2001年93歳で亡くなる直前まで現役で指揮をし、数々の情熱的な名演奏を聴かせてくれた巨匠。
レパートリーがブルックナー、ブラームス、ベートーヴェン、と限られていて、同じ曲を何度も何度も繰り返し演奏し、そのたびに深みを増していきました。
特に、ブルックナーでは、世界最高の演奏を聴かせてくれました。
 
私が朝比奈さんの演奏会に通い始めた晩年の頃は、本当にチケットが手に入りにくく、東京での公演は大変な思いをして演奏会に足を運びました。
 
会場はほとんどが男性客。
会社帰りのビジネスマンでうめつくされ、ホールが黒やグレー一色でした。
関西弁もとびかい、朝比奈さんの地元関西から追っかけて来る熱心なファンも多いのが特徴です。
 
実はこの朝比奈さん、指揮がちょっとわかりにくいのです。
 
曲の開始で指揮棒を振りかざすと、どこで合わせるんだろうか?とヒヤリとするほどなのです。しかし、これがいつもわりと良い具合に合ってしまうのが朝比奈さんのすごさです。
オーケストラも、お互いの「気」を読もうと懸命になり、重いものを生み出すような、含みのあるずっしりと深い音色が響き渡ります。

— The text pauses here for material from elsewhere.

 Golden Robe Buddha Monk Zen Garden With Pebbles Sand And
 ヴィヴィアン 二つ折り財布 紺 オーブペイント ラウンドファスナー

ずれそうでずれないぎりぎりのところでふんばっている何か・・・があるのでしょうね。
 
近年の指揮者はテクニックの素晴らしい方が多く、どんな複雑な音でも気持ちよく合ってしまうので、逆にこういった重厚かつ素朴な響きがうまれにくいのかもしれません。

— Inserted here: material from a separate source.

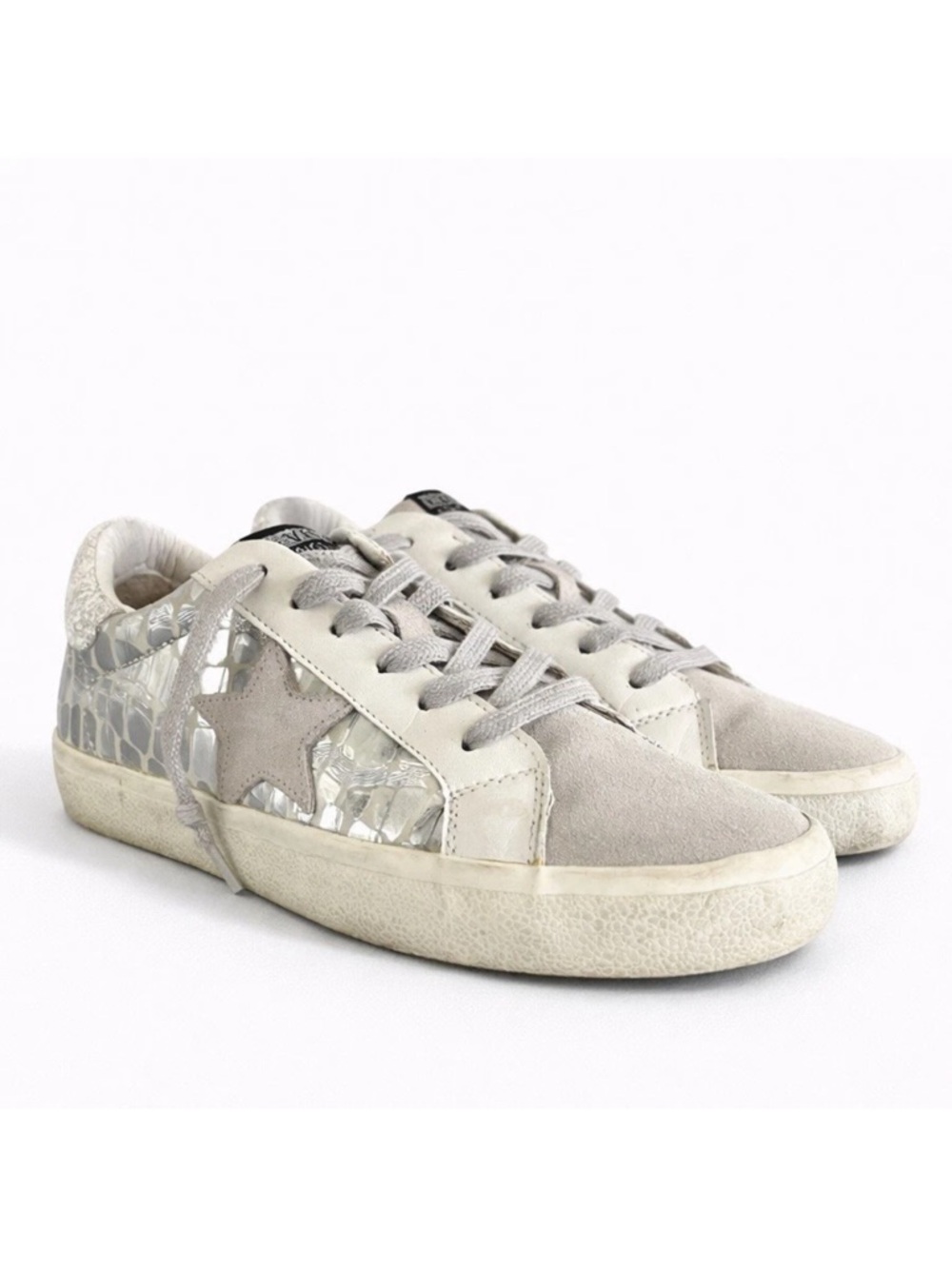 Vintage Havana Ingrid Low Top Sneakers Wild Croc Silver Metallic Fashion Size 8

特にブルックナーのような作曲家はメカニックとは縁遠い作曲家なので、朝比奈さんの指揮に合っていたのだと思います。
彼の指揮だと、国内のプロオーケストラが、まるでドイツの名門オーケストラのような響きがするのです。
 
朝比奈さんの演奏の秘密はリハーサルにあります。
 
華やかな演奏効果をあげるため、楽譜に書いていない強弱や、テンポの変化をつけたりする指揮者が多い中、とにかく楽譜に忠実に演奏します。
地味なパート練習を中心に、弾きにくいところを何度もさらいます。
特に、メロディ以外の、お客さんにはよく聴こえないような「内声」を立派に仕上げることに集中します。

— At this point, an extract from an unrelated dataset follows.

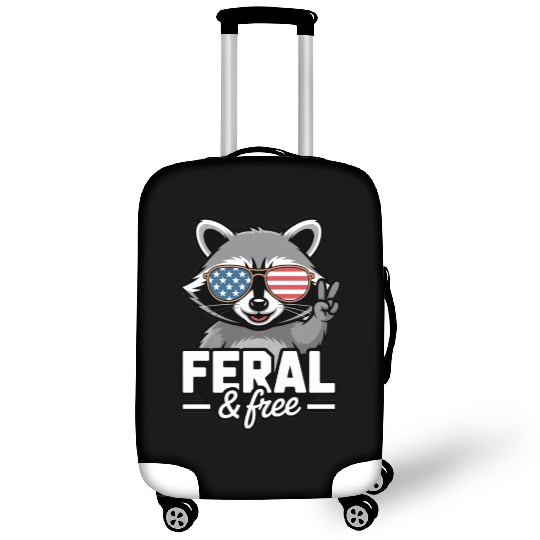 Feral And Free Patriotic Raccoon Luggage Covers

100人以上の団員一人として手を抜くことはありません。
表面だけではなく、見えないところに手をかける、まさに職人なのです。
 
朝比奈さんの素晴らしい演奏は、当たり前のことを当たり前に、黙々とこなすことを繰り返してきた結果なのです。
 
朝比奈さんは「愚直」という言葉を好んで使われていたそうです。
 
己を知り、愚直に一歩一歩進む姿が、オーケストラに「一肌も二肌もぬいでやろう」と思わせ、会場をうめつくすファンを感動させてくれたのですね。